Gov. Abbott hosted researchers at the Governor’s Mansion in March, where he talked about the importance of the GURI program. “What these individuals are doing is far more than just creating the next generation of science, technology, engineering, and math,” Abbott said at the event. “They are partnering together with the private enterprises, with federal government grants, creating teams that create more jobs, that empower the next generation of the Texas economy.”
When the program began, universities such as A&M, the University of Houston, and UT received grants of up to $5 million per distinguished researcher. Each university matches the grant on a one-to-one basis. UT was awarded a GURI grant of $1.8 million for chemical engineering professor Joan Brennecke, BS ’84. The money will fund much more than just Brennecke’s salary, enabling her to bring lab equipment from Notre Dame, and make equipment purchases that will aid her research.
Brennecke completed her undergraduate degree in chemical engineering at UT before going on to earn her master’s and PhD from the University of Illinois. She’s since spent several years as a professor at the University of Notre Dame. But Brennecke says she never stopped bleeding orange.
“I feel in my heart I’m a Longhorn,” she says.

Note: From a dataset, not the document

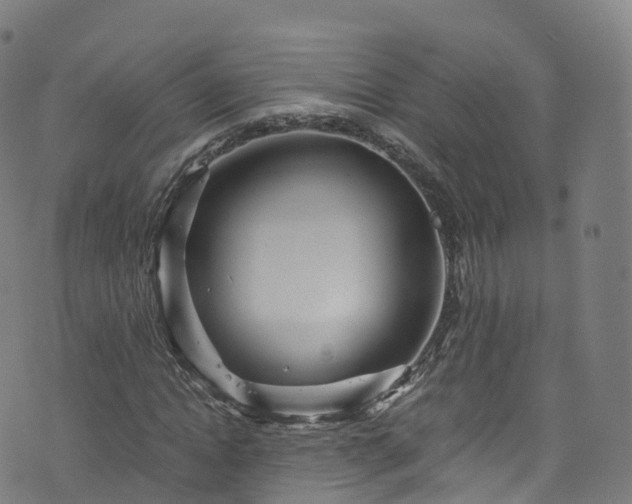 X0000076270822200610051308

Now over three decades later, she’ll be returning to her alma mater as a professor and the Cockrell Family Chair in Engineering. Brennecke is a member of the National Academy of Engineering—one of the highest professional distinctions given to engineers— and has published more than 130 research papers. She is the recipient of numerous awards from the American Chemical Society, the American Institute of Chemical Engineers, the U.S. Department of Energy, and more. Her research focuses on energy and sustainability. In her words, she wants to make fossil fuels “greener.” She works to develop ionic liquids, salts with low melting points, for various applications, such as for creating safer and longer-lasting batteries and for removing carbon dioxide from flue gas.
Another application is using ionic liquids to efficiently separate gases from shale gas formations and turn them into gasoline. Her research could have a huge impact on the state, since Texas is the dominant producer of shale gas in the United States. “The whole idea is to turn ethane and propane into liquid fuels that we put in our cars, and to do it on a smaller scale,” Brennecke says. “The buzz words are ‘process intensification:’ do it in a smaller scale process so that we can make the stuff we need closer to where we’re producing the natural resources. There’s a safety and environmental benefit.”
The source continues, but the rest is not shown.